- Given data -
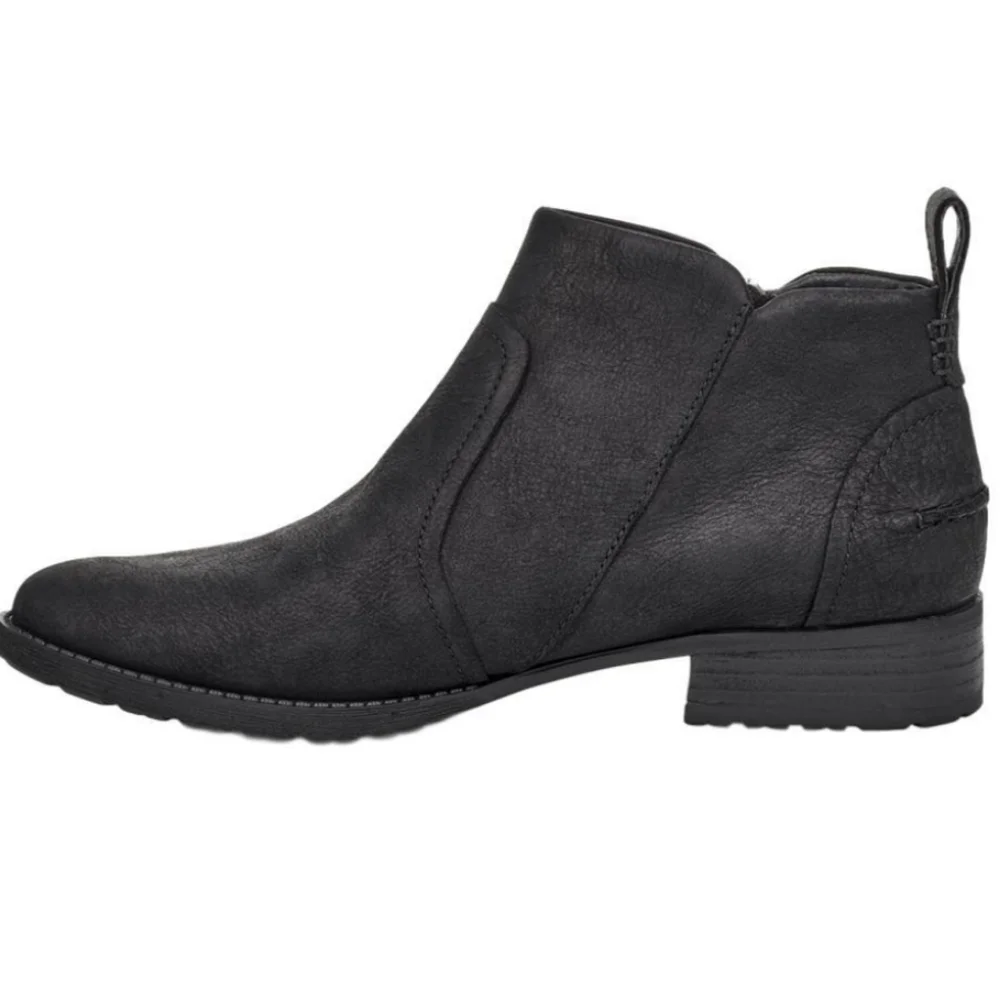 UGG Black Distressed Leather Flat Ankle Bootie 6 - Picture 2 of 7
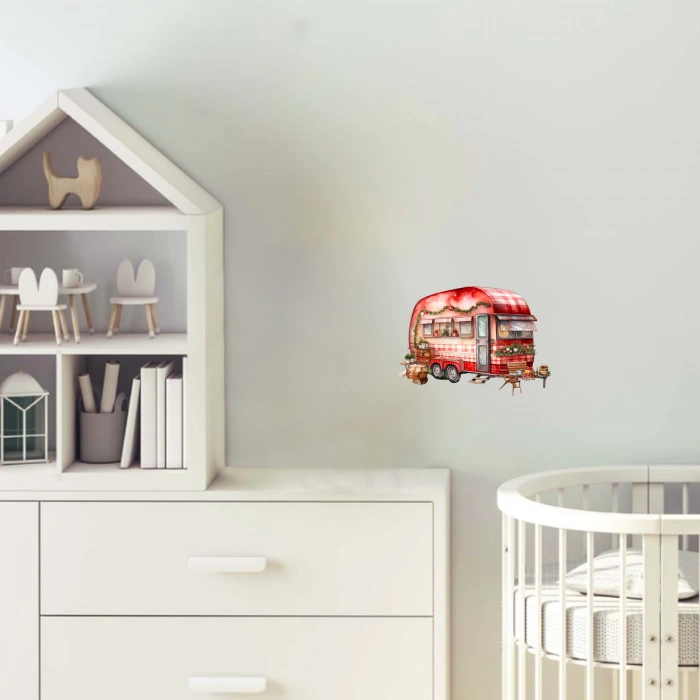 Ekose Desenli ve Tatil Işıklı Kırmızı Karavan Duvar Çıkartması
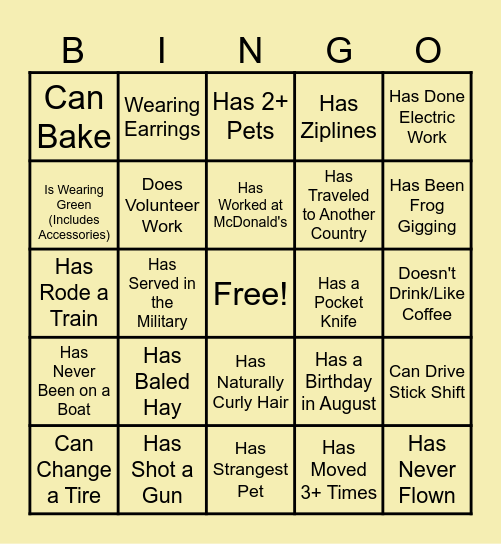 Find That Guest Bingo Card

- Task objective -
Without any of its images, the data above should be returned exactly.

- Solution for this exercise -
 UGG Black Distressed Leather Flat Ankle Bootie 6 - Picture 2 of 7
 Ekose Desenli ve Tatil Işıklı Kırmızı Karavan Duvar Çıkartması
 Find That Guest Bingo Card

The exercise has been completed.